The scarecrow could even be represented in the tarot. There is a tarot card called the Hanged Man, which portrays a man hanging upside down from a beam. The character is passive, accepting his fate. The card symbolizes life in a state of suspension, static and unchanging. The image of the scarecrow forever attached to his beam is very similar to this card. Both the scarecrow and the “hanged man” do not evolve and seem unaware of their sad condition. Is this only a pause before further personal evolution?
Being hanged was the Norse god Odin’s pause before his advancement. Odin had an experience similar to the Hanged Man.
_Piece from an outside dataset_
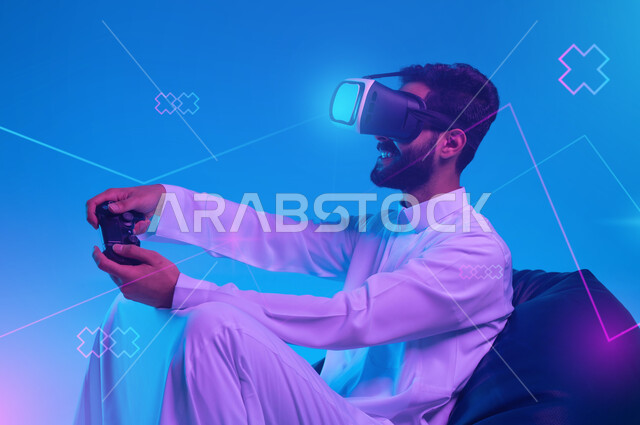 Integrating entertainment with virtual and imaginary reality, using technological devices and modern technologies, a portrait of a Saudi Gulf Arab young man wearing a traditional dress and VR glasses sitting on a bean bag chair and holding a controller playing entertainment video games, a background of 3D navigation button icons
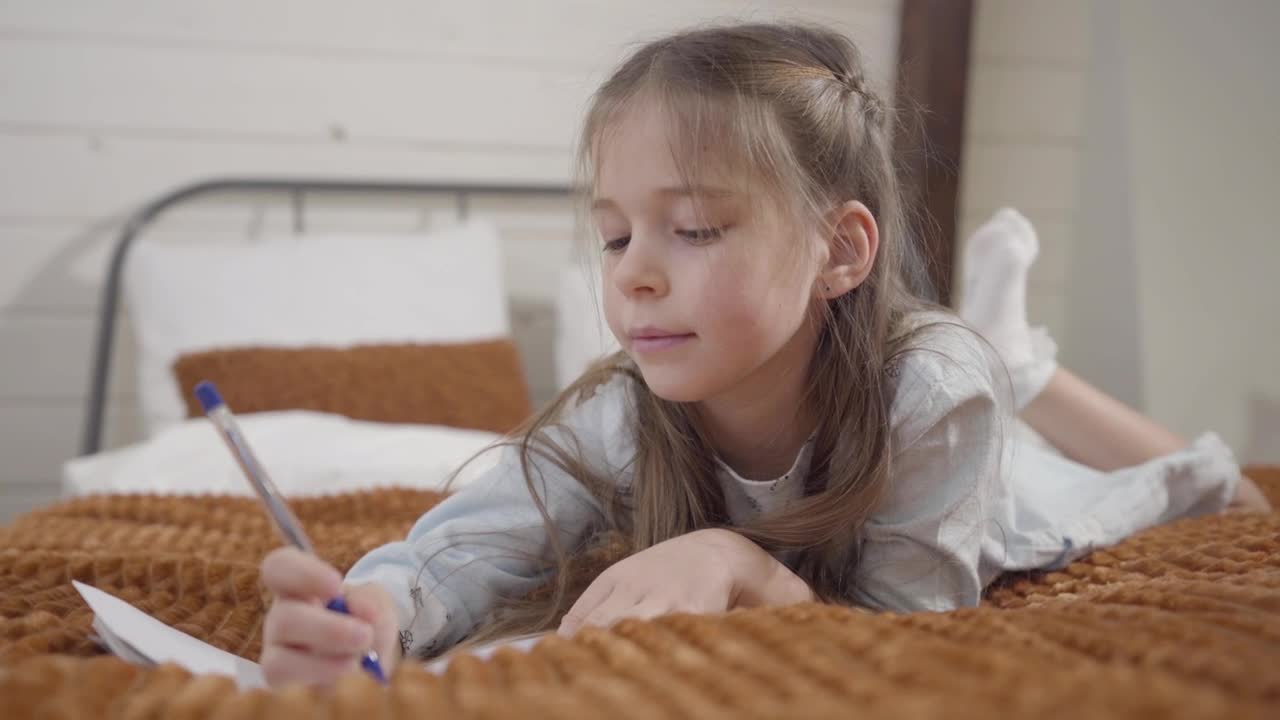 Stock Video Little Girl Enjoys Drawing Hobby On Bed Animated Wallpaper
In Norse mythology, Odin hung upside down from the world-tree Yggdrasil in order to attain enlightenment. He had to suffer greatly for his wisdom. After nine days Odin achieved his goal and discovered the Runes, died and was reborn, freed from the tree but at the cost of one of his eyes. Suffering before spiritual growth is a theme in many religions.
To complete the circle, Odin was linked to his two ravens, Huginn (thought) and Muninn (memory), which travel the world giving Odin information. Here ravens represent the power of the mind as they perch on Odin’s shoulder whispering in his ears. As crows perch on the scarecrow, granting them the advantage of sight over the fields.
We return to the crows. In folklore crows were considered omens of doom and death, perhaps because of their black plumage, their eerie squawk and their scavenging for carrion. Like vultures they were thought to circle the dying. Crows and ravens were viewed as mysterious beings, often associated with the trickster spirit. Some were thought to be shape-shifters and symbolized knowledge, cunning, and trickery. If crows were considered bad omens, then using a scarecrow to banish them seems to have a metaphysical as well as a practical purpose.
These symbolic supernatural attributes are a reflection of the genuine virtues of the crow. Crows are among the most intelligent of animals, a good reason they served as Odin’s thought and memory. Crows are adaptable, inquisitive, mischievous, communicate with each other and can even count up to four. Crows share with humanity a form of sentience. If nothing else the scarecrow symbolizes that fact. We don’t bother with scare-sparrows or scare-pigeons.